Eurobond sì. E a parlare non è uno qualsiasi, ma Jacques Delors, uno che
l’Europa l’ha fatta (è considerato tra i padri nobili dell’Ue), l’ha guidata
(dal 1985 al 1995 è stato Presidente della Commissione europea) e l’ha vissuta
da dentro (celebre il suo impegno per il completamento del mercato interno, per
la coesione regionale e per l’unione monetaria). E, strano ma vero per i tempi
che corrono, la ama. Sempre oggettivo, mai ipocrita, non ha mancato di
sottolinearne, in passato, le stranezze: celebre la frase con cui definisce
l’Ue “un oggetto politico non identificato”, parafrasando l’acronimo attribuito agli Ufo.
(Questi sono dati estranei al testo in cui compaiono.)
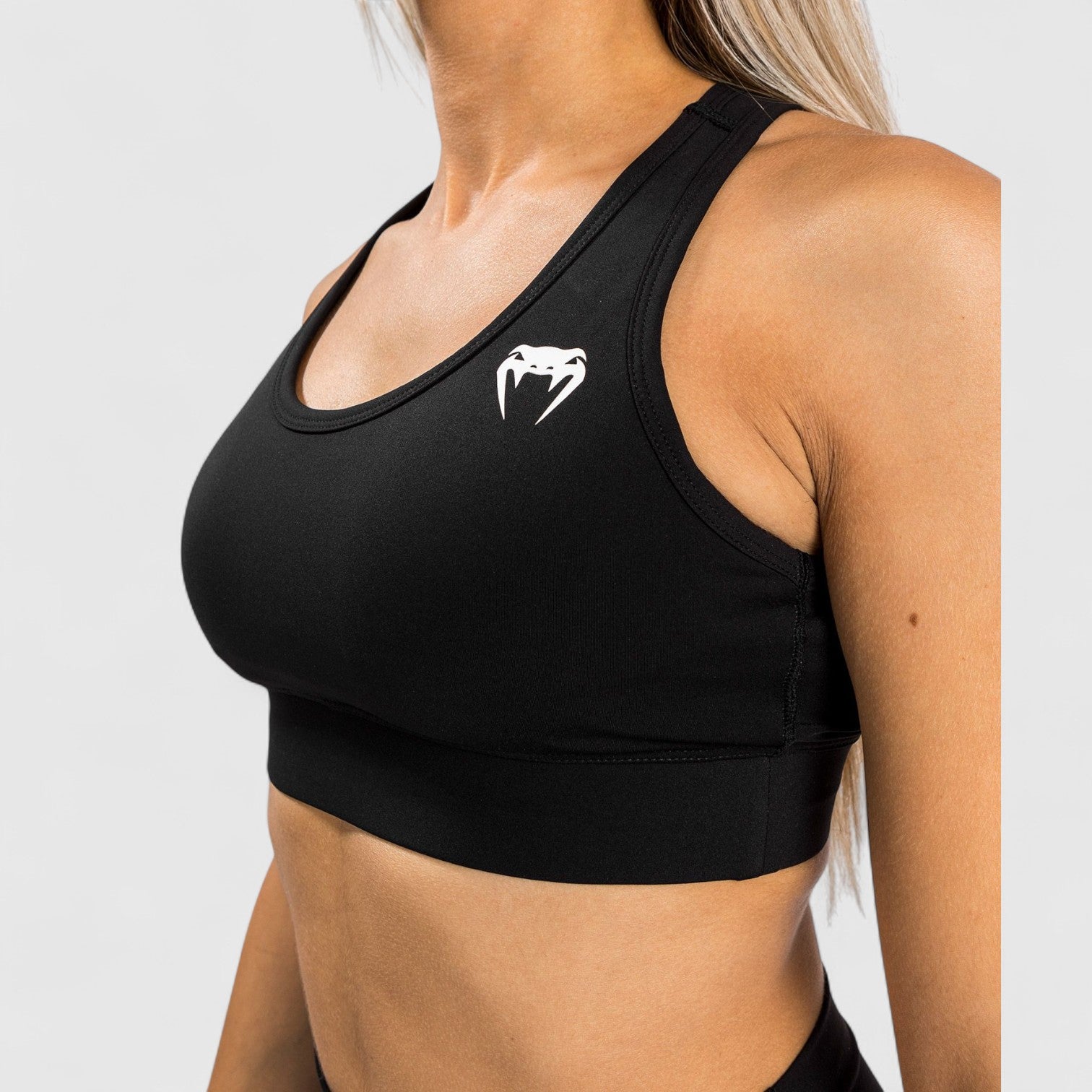 VENUM Essential Medium Impact Sports - BH - CombatStore.no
E oggi, preoccupato per i destini della “casa comune”
che ha contribuito a costruire, non si tira in dietro. Interpellato (molte le
interviste negli ultimi tempi, al Corriere della Sera, a El Pais e al The Guardian, solo per citarne alcune), non si limita ad interpretare la cronaca e
la politica di Bruxelles, ma fa proposte concrete. Tra queste, quella dei tanto
dibattuti Eurobond, attorno cui si gioca non solo il sì o il no tedesco, ma
anche il futuro dell’Unione (monetaria ed europea).
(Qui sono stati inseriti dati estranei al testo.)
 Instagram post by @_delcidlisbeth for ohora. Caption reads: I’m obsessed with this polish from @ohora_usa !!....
Ma andiamo con ordine. Primo: cosa sono
questi famigerati Eurobond? Sono titoli di debito pubblico, emessi –
diversamente da BTP italiani o Bund tedeschi – a livello europeo. Secondo: a
cosa sono destinati? Nella sua proposta originaria, Delors li aveva immaginati
come modo per finanziare gli investimenti pubblici e, quindi, la crescita.
«Avevo proposto le euro-obbligazioni nel 1993, per finanziare i grandi progetti
infrastrutturali», spiega al Corriere. Ma oggi, gli Eurobond (astutamente
ribattezzati stability bond)
servirebbero anche (e soprattutto) a garantire la stabilità dell’Eurozona, mutualizzando, anche se in parte, i debiti europei. Questo significherebbe creare un meccanismo per sostenere i Paesi in difficoltà e per garantire a tutti i Governi la possibilità di finanziarsi sul mercato attraverso emissioni obbligazionarie
comuni. I risultati? Meno speculazione e riduzione degli spread.
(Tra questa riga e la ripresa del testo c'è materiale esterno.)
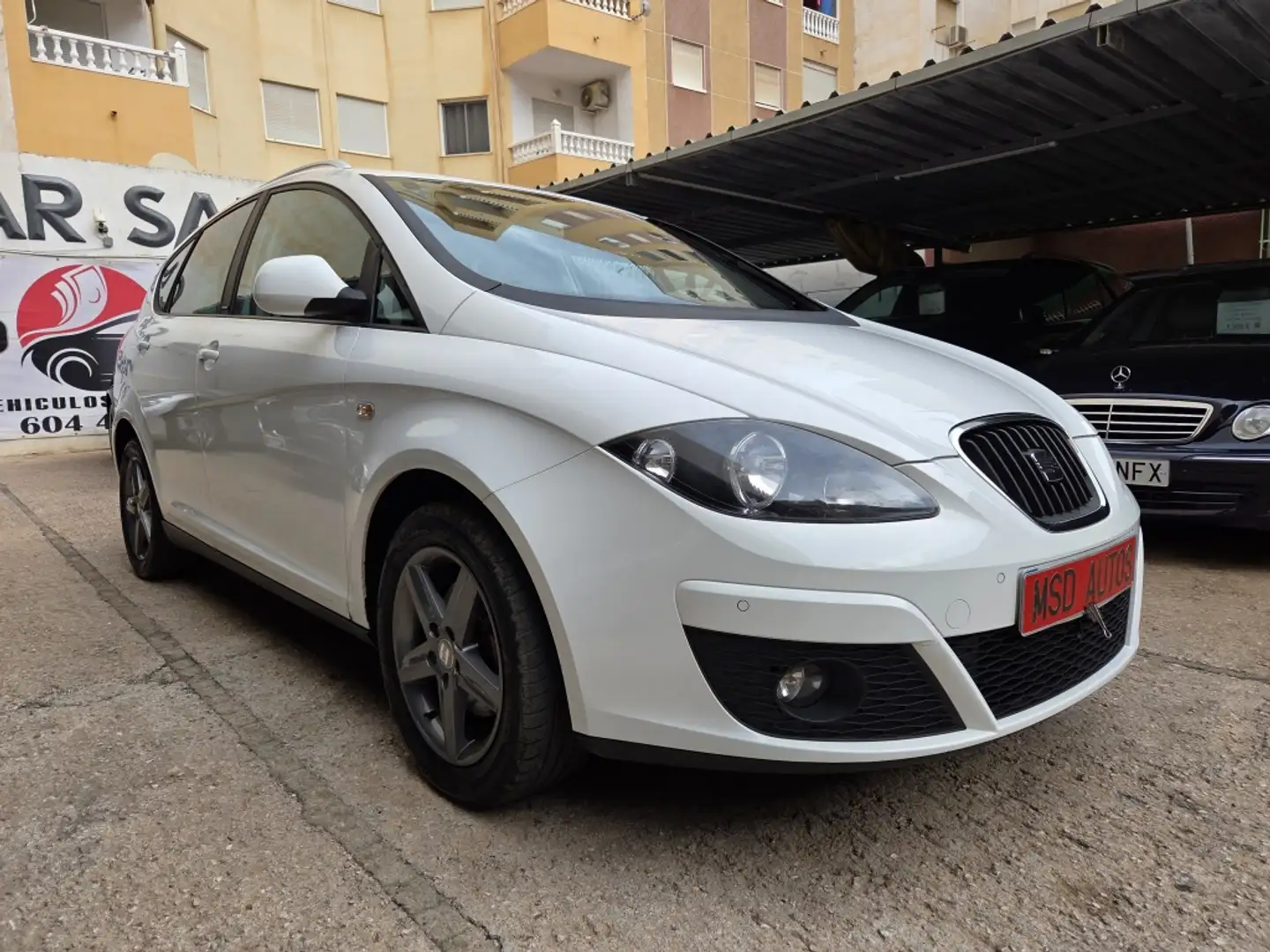 SEAT Altea XL 2.0TDI CR I-Tech Blanco - 1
Come convincere i tedeschi? Non è
semplice, anche perché per loro l’operazione avrebbe degli svantaggi
(soprattutto in termini di maggiore costo di finanziamento del proprio debito e
un rischio superiore a quello dei Bund tedeschi). Inoltre, per Angela Merkel è
più che mai difficile far accettare all’opinione pubblica una misura di
“socializzazione del debito”. Ma, a confronto, sono molto maggiori i costi
derivanti dalla lentezza e dall’inazione delle istituzioni europee – spiega
l’ex presidente della Commissione – e gli Eurobond produrrebbero effetti di
scala con un ritorno positivo per tutta Europa.
Insomma, secondo Delors, per l’Eurozona
sarebbe opportuno arrivare quanto prima ai titoli obbligazionari comuni, in una
doppia veste: quelli “pro debito”, emessi dal Meccanismo di Stabilità (ESM) e
quelli pro investimenti, emessi invece dalla Banca centrale europea. Nel primo
caso, con un effetto stabilizzante nel breve periodo, nel secondo, per
cementare crescita e coesione a lungo termine, spiega al The Guardian in un
articolo intitolato, non a caso, “Europe must use bonds to fight the debt
crisis on two fronts”.
Se questo non accadrà, l’Europa
rischierà di essere un oggetto non solo non identificato ma, ahinoi, inesistente.